The value of that settlement was not disclosed by City or Chelsea. Guardian reporting put City’s compensation to Chelsea at roughly $22.5 million. Maresca also reached a personal settlement with Chelsea, according to the same report.
City’s attraction to Maresca sits in years of observation. He developed academy players in Manchester, worked inside the Treble staff, proved he could carry a possession-heavy idea through a promotion race, then handled the scale of Chelsea. The résumé is not as long as Guardiola’s was when he reached City. No successor’s could be. It is built from proximity, not imitation.

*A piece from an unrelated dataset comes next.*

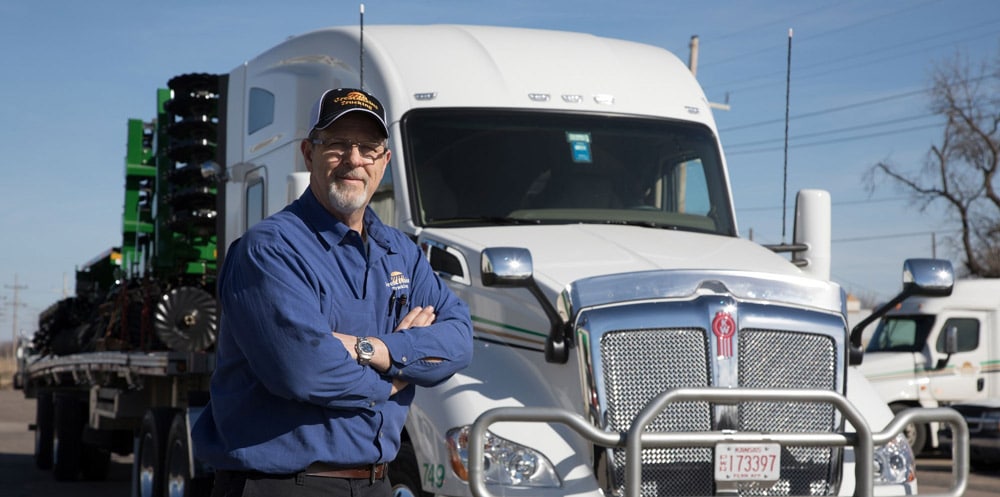 https://cdltraining.org/wp-content/uploads/2021/10/life-of-a-truck-driver.jpg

Maresca’s own first words as City manager centered on pressure rather than inheritance. “I want us to win, play good football and enjoy the pressure of representing Manchester City.” The line is simple, but it identifies the narrow corridor he now enters. City are trying to make the most consequential managerial change of their modern era feel planned, not improvised.
The first phase will come quickly. His opening City match is scheduled for Aug. 1 against Internazionale in South Korea, followed by the Community Shield against Arsenal on Aug. 16 and the league opener against Bournemouth. Those fixtures will not define the post-Guardiola years. They will begin them.
Maresca inherits a structure designed to outlast any single manager. Guardiola’s new global ambassador role with City Football Group makes that continuity explicit. The harder task belongs to the coach on the touchline: keeping enough of City’s old logic to avoid a rupture, and changing enough of it to make the team his own.